I’m trying to train the google T5-FLAN-XL model but due to resource constraint I am having to lower the precision by setting load_in_8bit = True
model = AutoModelForSeq2SeqLM.from_pretrained(MODEL_NAME, device_map="auto", load_in_8bit=True, return_dict=True)
I’m able to fine tune the model, but at inference time I run into the error :
dim = _get_softmax_dim("log_softmax", input.dim(), _stacklevel)
if dtype is None:
ret = input.log_softmax(dim)
else:
ret = input.log_softmax(dim, dtype=dtype)
RuntimeError: "log_softmax_lastdim_kernel_impl" not implemented for 'Half'
I checked and it is because softmax expects float type tensors. I don’t know how to cast the tensors because the softmax layer in AutoModelForSeq2SeqLM is abstracted.

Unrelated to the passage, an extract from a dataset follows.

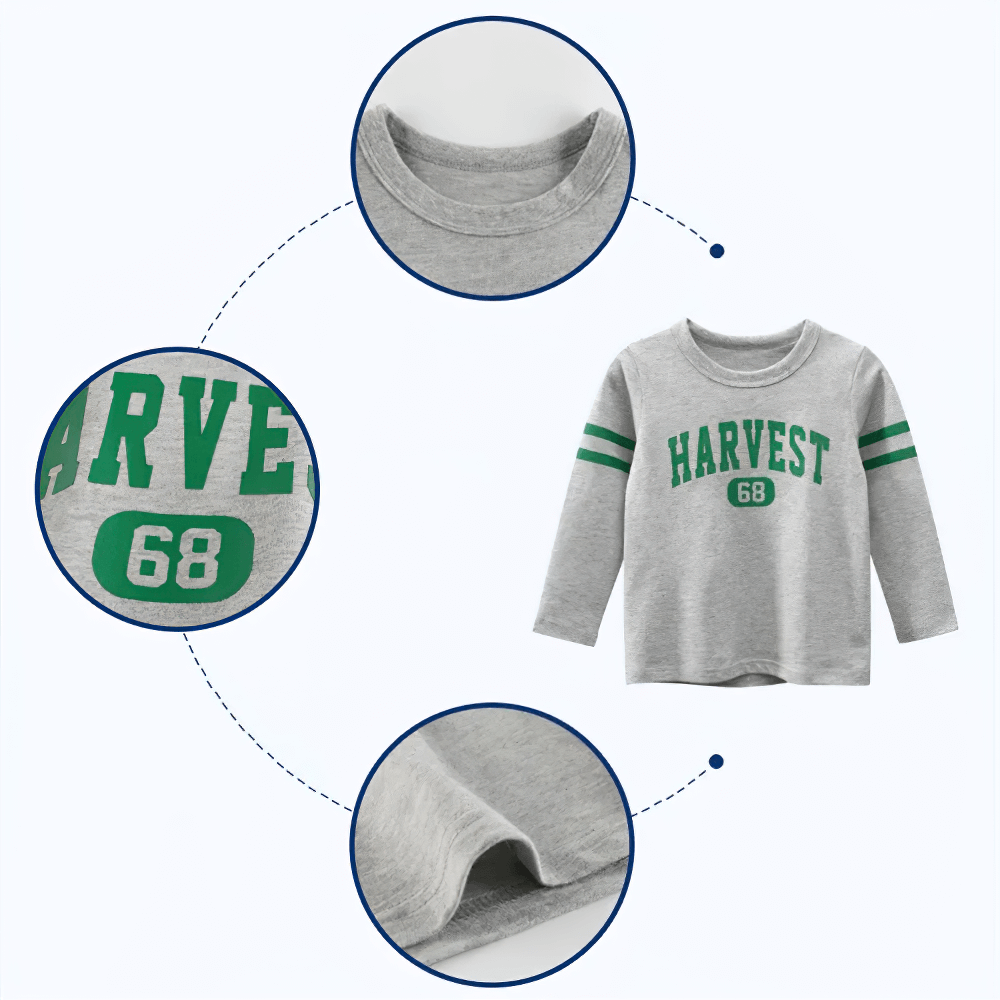 Boys Cotton Long-Sleeved Top with Letter Print - SF3608 featuring crewneck, sporty stripes, and bold HARVEST 68 design. Kids casual wear.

Is there a workaround for how I could get the model trained with 8 bit lowered precision, to generate sequences.
Below is my generate function :
def generate(qamodel, passage, question):
source_encoding = tokenizer(
question,
passage,
max_length=1024,
padding="max_length",
truncation="only_second",
return_attention_mask=True,
add_special_tokens=True,
return_tensors="pt"
)
generated_token_ids = qamodel.model.generate(
input_ids=source_encoding["input_ids"],
attention_mask=source_encoding["attention_mask"],
max_length=64,
num_beams=5,
repetition_penalty=2.5,
length_penalty=1.0,
early_stopping=True
)
preds = [
tokenizer.decode(token_id, skip_special_tokens=True, clean_up_tokenization_spaces=True)
for token_id in generated_token_ids
]
return "".join(preds)